Rise of the AI and Data Economy

By Ethan Widlansky (PO’22)

The Senate Small Business Committee, chaired by Marco Rubio, convened a hearing in late February to discuss its latest report “‘The Made in China 2025’ industrial plan.” Spurned by many free-market Republicans, the report considers “not whether states should organize their economies, but how they should organize them.” A self-avowed free-market apostle as a candidate in the 2016 election, Rubio pulled a political 180 in his report. What in the world could have provoked this change? The short answer: artificial intelligence (AI). The long answer? It will follow.

The Small Business Committee report discusses Chinese President Xi Xinping’s flagship “Made in China 2025” policy agenda, which targets 10 high-value industry sectors for “global dominance.” The report’s authors fret most over China’s growing interest and investment in AI; they don’t want to see China douse the American tech sector’s dynamism in an emerging sector that many analysts see as the future of computing. By some liberal estimates cited in Rubio’s report, “China currently has more than 30 times more capital invested in quantum research than in the U.S.” Ultimately, Rubio concludes: “comparing areas of China’s success to America’s relative decline can help identify areas for creative reform.” Reform of what? “Infonomics.”
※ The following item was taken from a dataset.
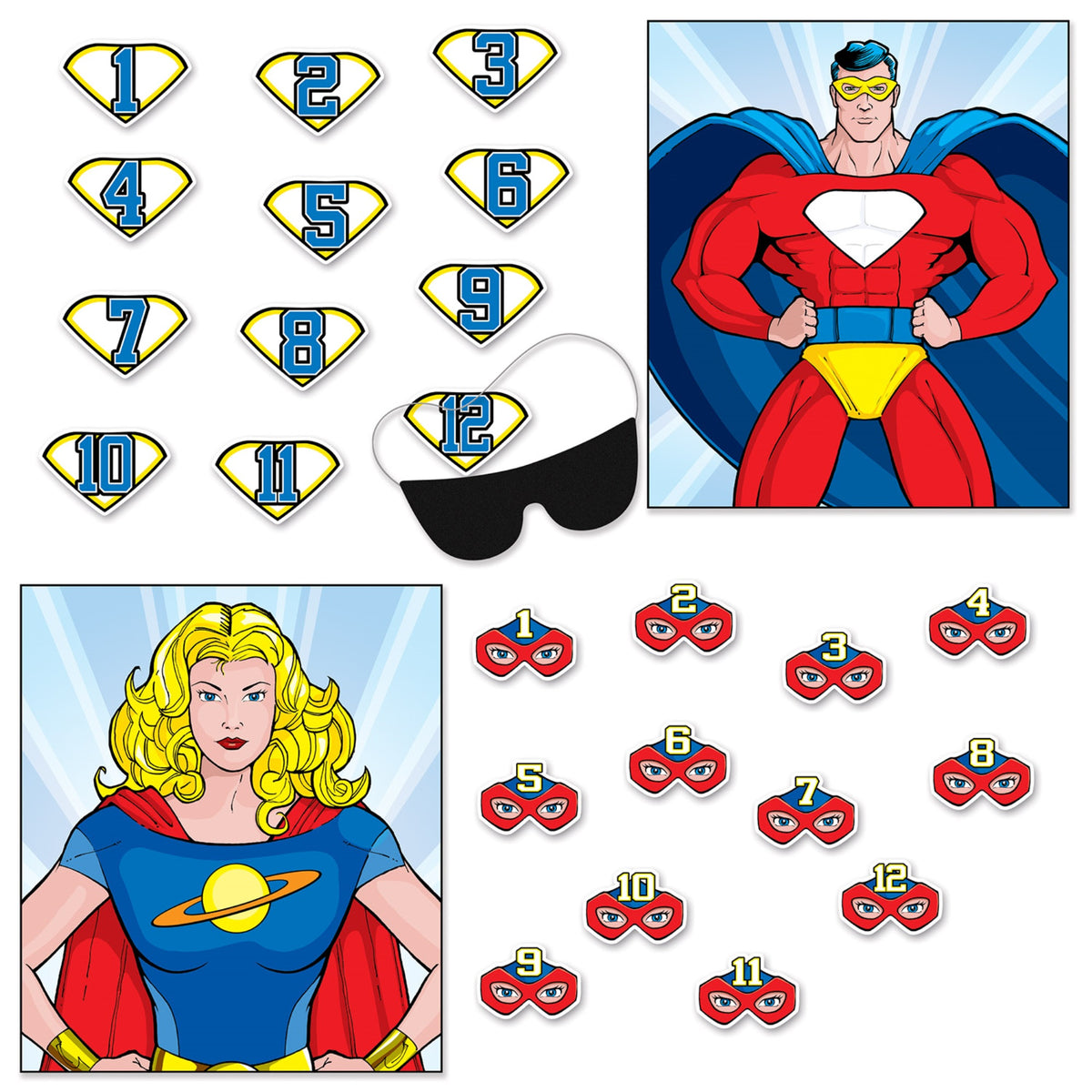 Hero Party Games, (Pack Of 24)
What is infonomics—or more simply, the information economy—and where did it come from?

Infonomics is defined as an “emerging discipline of managing and accounting for information with the same or similar rigor and formality as other traditional assets (e.g., financial, physical, intangible, human capital).” The term has its roots in dot-com bubble burst fallout of the early 2000s, when companies “badly needed a way to make money… [and] gathering data for targeted advertising was the quickest fix.” We generate data and metadata (the data about data) with our every digital interaction: these keystrokes, your online article view, and that fun hyperlink you clicked in the first paragraph were (probably) all tracked. And that’s just a tiny fraction of the data we generate in a day. You might share this article with your friends after you read it, take a couple of Snapchat selfies, mindlessly scroll through Facebook until your class or shift is over, and then navigate home. Firms collect all of your activity automatically—in part because firms are lazy and don’t want to catalog and delete extraneous data and in part because data are a new kind of money; data are the newly-minted currency of our information economy. For example, companies like Google, Facebook, Microsoft, Tencent, Alibaba, and Amazon discovered not long ago that big data could feed artificial intelligence algorithms and create lucrative services, like “suggested for you.” The more data fed into an algorithm, the better model said algorithm can generate—so companies are always pining for more information.
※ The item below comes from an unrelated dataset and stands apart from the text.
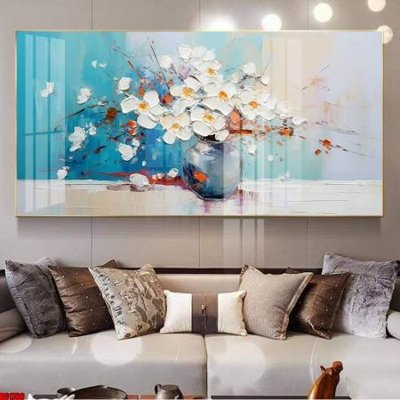 File gốc in ấn File gốc in bộ tranh decor treo tường đẹp hoa 5d DC1766 độ phân giải cao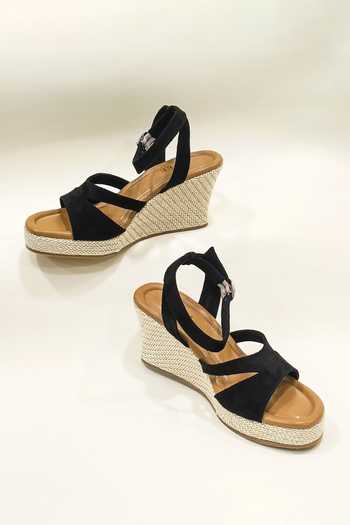The Alter Emily Cut-Out Strap Wedges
Uber isn’t worth $68 billion only because its current services are profitable; they’re worth $68 billion also because they collect reams of data from drivers and passengers – from suppliers (drivers) and consumers (passengers)—and use that data to create more and better software, algorithms, advertisements, and services. In the same vein, most people see Tesla as a fancy electric car-maker. But the company is far more: “its latest models collect mountains of data, which allow the firm to optimize its self-driving algorithms and update the software accordingly.” Investors aren’t just purchasing a share of a firm and their tangible products—they’re purchasing possibilities (and, maybe, big returns on their investment). States like Illinois, Ohio, Texas, and Florida have capitalized on this new market, too. They sell driver’s license data, including photos, to private buyers. Some states even sell voter registration data (not a good look, post-Russia hack).
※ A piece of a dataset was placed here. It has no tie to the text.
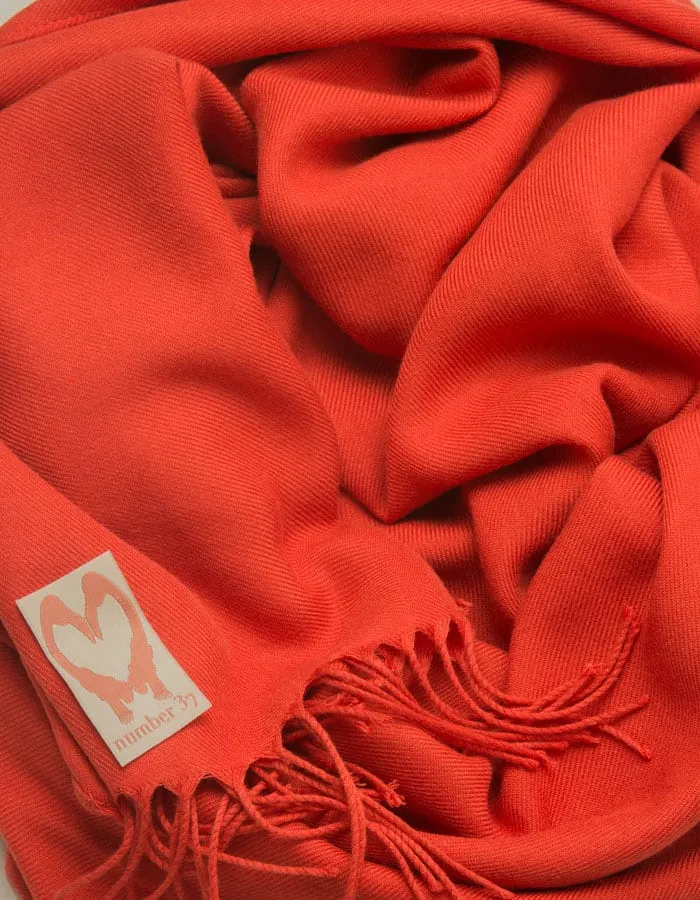 Mandarin Red Pashmina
What are the determinants and dynamics in this new market? How is it different from existing markets?

There is no stock exchange for what is estimated to be more than 180 zettabytes (180 followed by 21 zeros) of data before 2025 to be sold and traded. There are, however, a couple of properties of “data” that make it fundamentally different from other more-traditional assets[1] and thus tough to trade in existing markets. For one, it’s unclear to whom data belong. Consider an autonomous car: do the navigation and sensor data collected belong to the driver, the carmaker, sensor supplier, or the vehicle itself? Data effectively corrupt Adam Smith’s clear distinction between supply and demand.

Right now, tech firms have a monopsony on data; they act, somewhat-paradoxically, as monopolistic consumers, “purchasing” and profiting from data from its end users (who somehow both consume the firm’s service and sell involuntarily). Pending legislation, which I will discuss in the conclusion, may change this lopsided relationship.

Data’s second aberrant economic property is that they centralize. Whereas many technologies democratize (think of the internet, which is widely accessible), firms pack as many data in one place, usually proprietary hardware and software systems; more data in one place make better services and models. This practice is more profitable than selling data on an open market that doesn’t yet exist. There are some major exceptions. China, for example, requires that tech companies store their critical data on government-operated servers.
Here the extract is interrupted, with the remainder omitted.